Jack Ma (fourth left) poses for a selfie with forerunners of rural e-commerce at the Seventh China Taobao Village Forum on August 30 in Huimin County, east China’s Shandong Province (COURTESY PHOTO)

Born in 1991, Cui Qisong, who hails from Lizhuang Town, Huimin County of east China’s Shandong Province, became a migrant worker after graduation from high school. In 2015, he found that his neighbor was doing business online. After going through a lot of frustration, he finally joined the trend and started selling soil collected from farms by the Yellow River, which is considered to be of great value for cultivating flowers. This odd product brought him success and turned him into a millionaire within just three years.

The number of grassroots startups like Cui’s has increased rapidly. In August 2019, there are over 2,800 online stores, with a combined sales volume of more than 1 billion yuan ($141 million), opened by residents of Lizhuang. More than 10,000 e-commerce practitioners have sprung up in Huimin County.

Rural transformation

E-commerce has witnessed rapid growth in rural areas in this decade. In 2009, when AliResearch, Alibaba's research arm, tried to identify Taobao villages, a term coined by Alibaba to define any place where 10 percent of the local population is engaged in online retail and makes at least 10 million yuan ($1.4 million) from the Taobao platform annually, there were only three. Taobao is the e-commerce giant's major online shopping platform.

But in 2019, there are 4,310 Taobao villages scattered in 25 provinces, according to a report released during the Seventh China Taobao Village Forum on August 30.

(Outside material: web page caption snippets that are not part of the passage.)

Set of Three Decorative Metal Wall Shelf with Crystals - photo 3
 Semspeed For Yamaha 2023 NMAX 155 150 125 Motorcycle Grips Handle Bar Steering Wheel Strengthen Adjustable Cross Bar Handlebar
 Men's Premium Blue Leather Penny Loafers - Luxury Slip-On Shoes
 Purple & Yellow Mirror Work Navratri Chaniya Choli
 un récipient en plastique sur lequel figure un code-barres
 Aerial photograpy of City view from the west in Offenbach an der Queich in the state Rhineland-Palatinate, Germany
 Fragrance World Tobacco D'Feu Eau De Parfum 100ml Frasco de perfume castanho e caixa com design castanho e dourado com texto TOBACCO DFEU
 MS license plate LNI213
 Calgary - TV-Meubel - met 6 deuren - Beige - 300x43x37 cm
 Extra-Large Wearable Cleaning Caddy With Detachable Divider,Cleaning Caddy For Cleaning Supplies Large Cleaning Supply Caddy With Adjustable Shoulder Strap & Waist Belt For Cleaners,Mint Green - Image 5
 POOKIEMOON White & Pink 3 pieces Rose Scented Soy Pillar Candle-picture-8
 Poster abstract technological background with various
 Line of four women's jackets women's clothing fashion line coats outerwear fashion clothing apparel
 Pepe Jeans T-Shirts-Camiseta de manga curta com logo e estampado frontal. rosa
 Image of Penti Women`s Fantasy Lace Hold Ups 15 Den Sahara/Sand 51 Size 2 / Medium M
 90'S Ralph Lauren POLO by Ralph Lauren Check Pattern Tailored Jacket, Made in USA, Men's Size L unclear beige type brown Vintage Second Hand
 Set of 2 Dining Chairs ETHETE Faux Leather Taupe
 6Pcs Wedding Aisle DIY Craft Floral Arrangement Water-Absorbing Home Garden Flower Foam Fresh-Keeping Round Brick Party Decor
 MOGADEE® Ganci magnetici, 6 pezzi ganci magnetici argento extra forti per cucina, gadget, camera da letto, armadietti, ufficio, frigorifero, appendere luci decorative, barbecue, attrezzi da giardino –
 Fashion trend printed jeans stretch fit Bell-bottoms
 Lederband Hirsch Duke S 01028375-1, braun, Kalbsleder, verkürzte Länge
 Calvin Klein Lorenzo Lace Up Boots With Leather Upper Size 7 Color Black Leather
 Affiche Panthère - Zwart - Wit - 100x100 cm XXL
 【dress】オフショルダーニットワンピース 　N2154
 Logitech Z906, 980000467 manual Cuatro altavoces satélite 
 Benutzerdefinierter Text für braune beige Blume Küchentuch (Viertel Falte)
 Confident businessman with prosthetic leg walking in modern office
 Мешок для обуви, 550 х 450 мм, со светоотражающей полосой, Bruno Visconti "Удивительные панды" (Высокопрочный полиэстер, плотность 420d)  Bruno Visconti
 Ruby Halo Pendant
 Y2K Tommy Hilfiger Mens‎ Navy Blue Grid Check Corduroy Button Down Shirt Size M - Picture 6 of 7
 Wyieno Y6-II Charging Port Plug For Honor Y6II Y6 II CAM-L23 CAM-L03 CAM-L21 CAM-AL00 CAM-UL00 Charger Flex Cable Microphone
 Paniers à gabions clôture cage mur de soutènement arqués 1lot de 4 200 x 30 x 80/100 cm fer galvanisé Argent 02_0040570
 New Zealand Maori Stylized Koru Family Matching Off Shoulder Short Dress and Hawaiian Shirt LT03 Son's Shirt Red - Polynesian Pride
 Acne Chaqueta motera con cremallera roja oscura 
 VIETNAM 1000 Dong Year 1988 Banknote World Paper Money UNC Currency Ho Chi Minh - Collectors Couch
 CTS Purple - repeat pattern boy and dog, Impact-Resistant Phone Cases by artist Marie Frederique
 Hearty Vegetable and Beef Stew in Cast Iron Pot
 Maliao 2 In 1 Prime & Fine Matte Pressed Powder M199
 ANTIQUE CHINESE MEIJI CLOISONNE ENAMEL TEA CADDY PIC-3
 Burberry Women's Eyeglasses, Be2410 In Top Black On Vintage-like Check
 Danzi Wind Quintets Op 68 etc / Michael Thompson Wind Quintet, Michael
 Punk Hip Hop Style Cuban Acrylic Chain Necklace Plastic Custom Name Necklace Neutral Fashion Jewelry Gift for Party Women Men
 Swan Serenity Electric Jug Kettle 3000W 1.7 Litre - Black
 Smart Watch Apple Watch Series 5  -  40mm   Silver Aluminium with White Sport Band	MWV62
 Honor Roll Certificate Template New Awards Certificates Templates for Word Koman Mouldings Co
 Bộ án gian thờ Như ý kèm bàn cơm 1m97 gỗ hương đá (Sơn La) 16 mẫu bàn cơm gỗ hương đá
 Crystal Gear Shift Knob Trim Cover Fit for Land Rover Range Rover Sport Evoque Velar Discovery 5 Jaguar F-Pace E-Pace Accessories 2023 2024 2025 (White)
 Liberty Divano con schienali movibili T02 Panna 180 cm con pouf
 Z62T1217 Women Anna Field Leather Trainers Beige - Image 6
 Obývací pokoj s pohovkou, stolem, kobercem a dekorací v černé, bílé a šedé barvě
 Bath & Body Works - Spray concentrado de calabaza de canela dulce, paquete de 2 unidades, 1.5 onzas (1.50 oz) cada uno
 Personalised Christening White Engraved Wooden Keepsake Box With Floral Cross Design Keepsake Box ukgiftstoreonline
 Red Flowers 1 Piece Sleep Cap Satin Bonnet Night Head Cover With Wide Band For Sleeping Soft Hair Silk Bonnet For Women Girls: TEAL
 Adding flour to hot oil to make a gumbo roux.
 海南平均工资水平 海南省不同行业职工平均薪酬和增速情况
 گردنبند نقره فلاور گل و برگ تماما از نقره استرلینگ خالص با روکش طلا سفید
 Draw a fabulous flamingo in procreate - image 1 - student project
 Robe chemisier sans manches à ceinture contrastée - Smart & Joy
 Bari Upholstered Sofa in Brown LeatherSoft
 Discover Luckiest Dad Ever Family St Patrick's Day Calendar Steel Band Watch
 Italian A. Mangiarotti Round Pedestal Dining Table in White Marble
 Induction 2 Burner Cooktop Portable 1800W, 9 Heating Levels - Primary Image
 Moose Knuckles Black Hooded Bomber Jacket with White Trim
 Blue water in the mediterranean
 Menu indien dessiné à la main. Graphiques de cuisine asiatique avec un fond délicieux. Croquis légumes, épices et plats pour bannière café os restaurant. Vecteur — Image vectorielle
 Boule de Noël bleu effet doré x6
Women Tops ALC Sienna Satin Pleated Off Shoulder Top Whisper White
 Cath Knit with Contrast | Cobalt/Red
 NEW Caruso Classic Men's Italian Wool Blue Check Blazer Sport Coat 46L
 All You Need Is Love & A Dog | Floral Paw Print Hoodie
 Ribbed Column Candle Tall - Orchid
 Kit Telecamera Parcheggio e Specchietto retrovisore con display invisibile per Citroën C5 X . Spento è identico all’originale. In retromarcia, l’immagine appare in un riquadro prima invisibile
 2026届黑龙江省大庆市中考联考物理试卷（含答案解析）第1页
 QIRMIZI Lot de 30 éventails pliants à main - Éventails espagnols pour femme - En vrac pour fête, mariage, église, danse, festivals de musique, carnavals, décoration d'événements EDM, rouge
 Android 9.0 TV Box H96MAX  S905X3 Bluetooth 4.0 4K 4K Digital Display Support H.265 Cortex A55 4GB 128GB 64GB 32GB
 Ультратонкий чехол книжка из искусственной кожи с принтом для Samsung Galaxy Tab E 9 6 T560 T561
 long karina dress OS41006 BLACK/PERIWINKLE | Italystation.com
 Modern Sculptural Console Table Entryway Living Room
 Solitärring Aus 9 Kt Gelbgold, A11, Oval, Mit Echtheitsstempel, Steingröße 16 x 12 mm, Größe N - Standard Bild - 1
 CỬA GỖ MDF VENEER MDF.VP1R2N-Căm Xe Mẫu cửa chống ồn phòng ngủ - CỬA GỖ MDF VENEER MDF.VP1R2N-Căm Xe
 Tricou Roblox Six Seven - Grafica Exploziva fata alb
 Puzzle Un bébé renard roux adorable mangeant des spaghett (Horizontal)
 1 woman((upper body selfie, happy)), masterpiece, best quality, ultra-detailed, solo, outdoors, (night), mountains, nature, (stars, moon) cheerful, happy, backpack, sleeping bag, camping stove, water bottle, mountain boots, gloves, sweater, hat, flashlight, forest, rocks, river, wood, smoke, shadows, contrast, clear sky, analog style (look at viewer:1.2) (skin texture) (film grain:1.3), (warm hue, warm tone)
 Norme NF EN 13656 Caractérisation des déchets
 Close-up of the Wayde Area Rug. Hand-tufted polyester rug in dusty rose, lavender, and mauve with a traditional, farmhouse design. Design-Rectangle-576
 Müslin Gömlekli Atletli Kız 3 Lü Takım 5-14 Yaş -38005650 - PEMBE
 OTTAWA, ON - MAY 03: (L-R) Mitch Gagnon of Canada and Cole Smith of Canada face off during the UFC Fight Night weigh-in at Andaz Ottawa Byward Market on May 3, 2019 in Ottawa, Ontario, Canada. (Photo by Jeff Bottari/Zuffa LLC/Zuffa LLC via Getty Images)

The report, co-authored by AliResearch, Nanjing University, Zhejiang University and the Chinese Academy of Social Sciences, revealed that in 2018 alone, the combined sales volume of 2.4 million vendors in Taobao villages exceeded 700 billion yuan ($98.4 billion), accounting for 50 percent of China's rural e-commerce volume and creating 6.83 million jobs.

The development of Taobao villages has helped lift many rural areas out of poverty through encouraging online sales of farm produce and local specialties. Along with the development, local authorities have improved roads, broadband Internet services, power supply and logistics to support farmers in setting up online stores. It represents a transformation of the rural economy, as well as the lifestyle and mindset of rural residents.

Gao Hongbin, Vice President of Alibaba Group and Director of AliResearch, told Beijing Review that besides the increase in number, Taobao villages are spreading in the central and western parts of China. He said a new feature in these areas is that e-commerce clusters tend to be based in a town, rather than individual Taobao villages.

“Perhaps we can say that towns in central and western China are more suitable for e-commerce, as they have more favorable conditions compared to villages,” said Gao. For example, villagers regularly visit town fairs, which turn towns into centers of trade and information. In addition, towns are usually the transportation hub for surrounding villages.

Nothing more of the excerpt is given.